**REQUIRED ACTION:** Skip every picture, and copy exactly the lines from the one containing "グーペで集客できる格安ホームページを制作します はじめてのホームページをお考えの方へ イメージ7" to the end of the data.

**RECORDS TO USE:**

....................

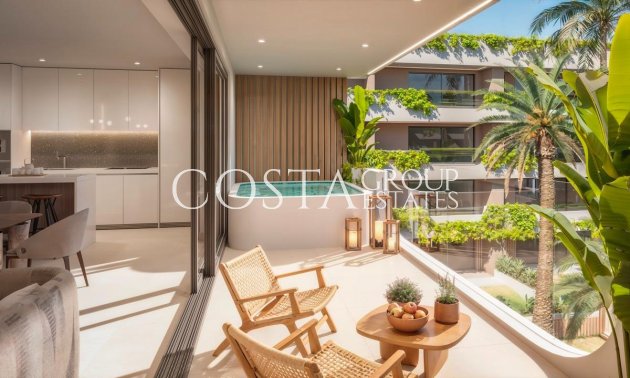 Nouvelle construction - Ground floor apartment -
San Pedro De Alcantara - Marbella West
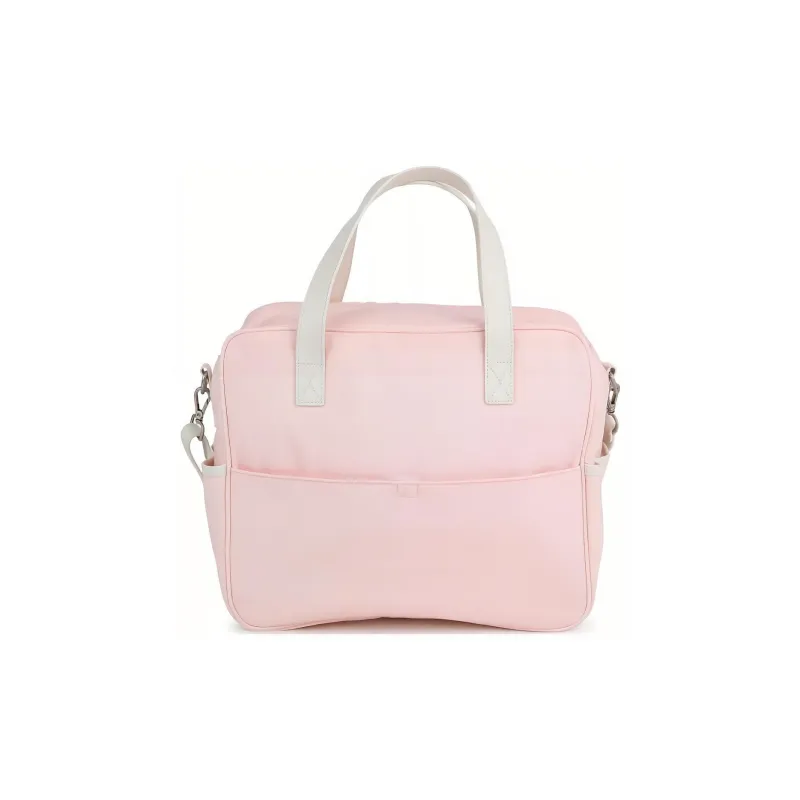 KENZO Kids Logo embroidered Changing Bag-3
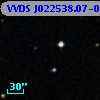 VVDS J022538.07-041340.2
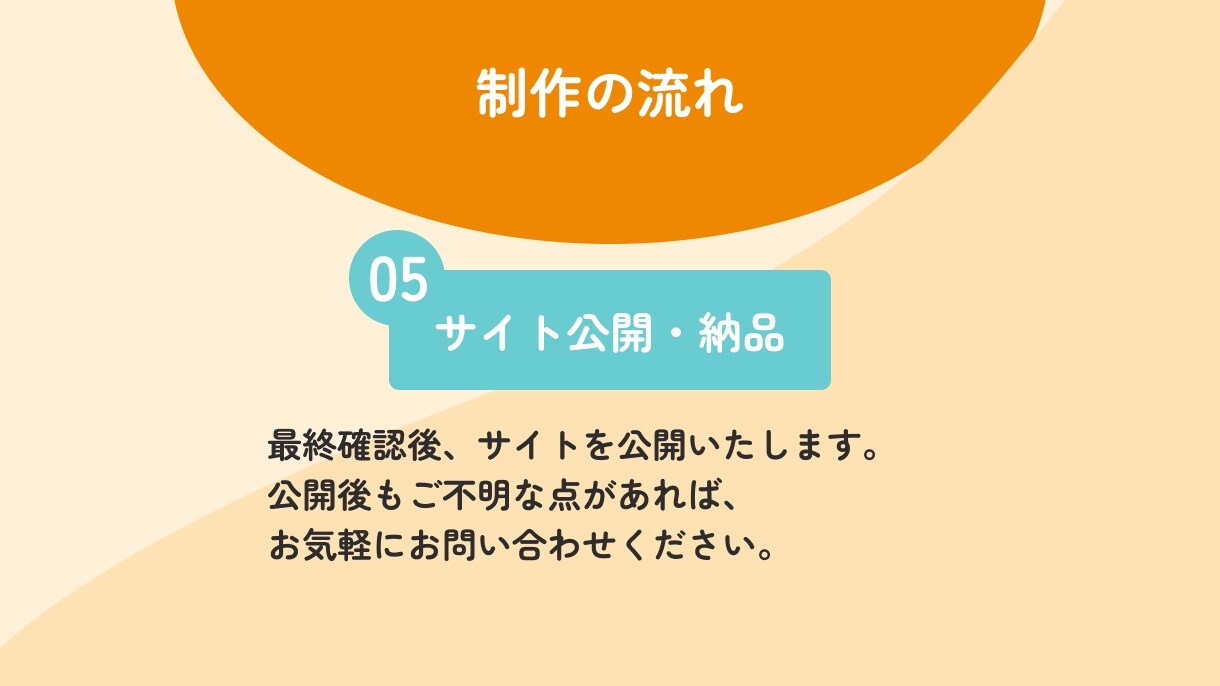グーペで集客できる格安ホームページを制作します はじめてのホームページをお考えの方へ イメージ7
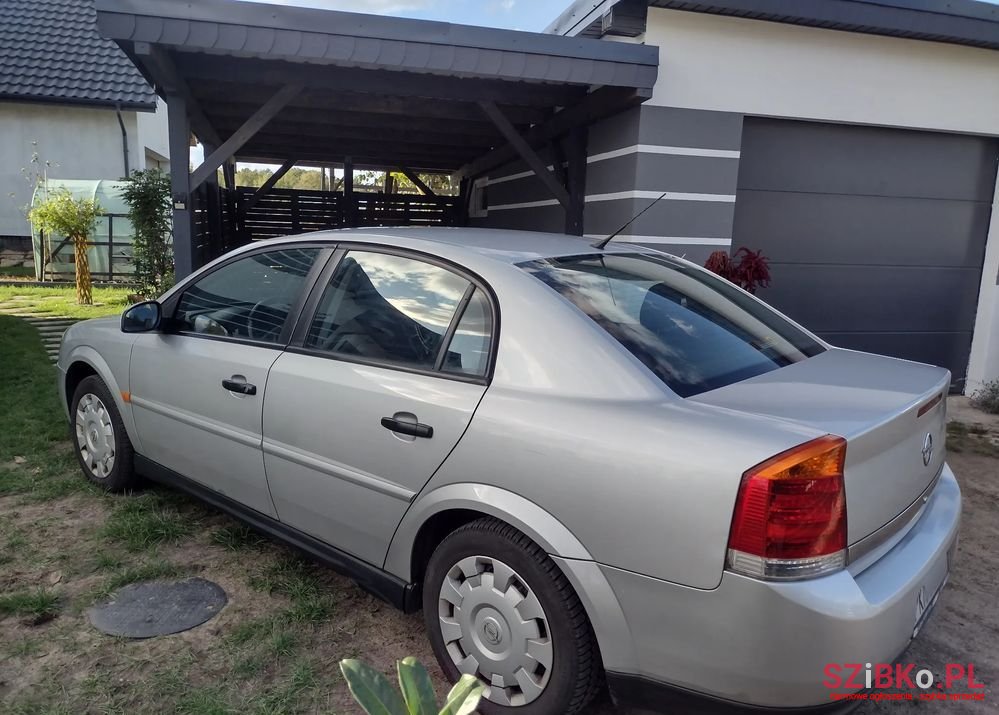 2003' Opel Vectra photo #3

....................

**FINISHED EXERCISE:**
グーペで集客できる格安ホームページを制作します はじめてのホームページをお考えの方へ イメージ7
 2003' Opel Vectra photo #3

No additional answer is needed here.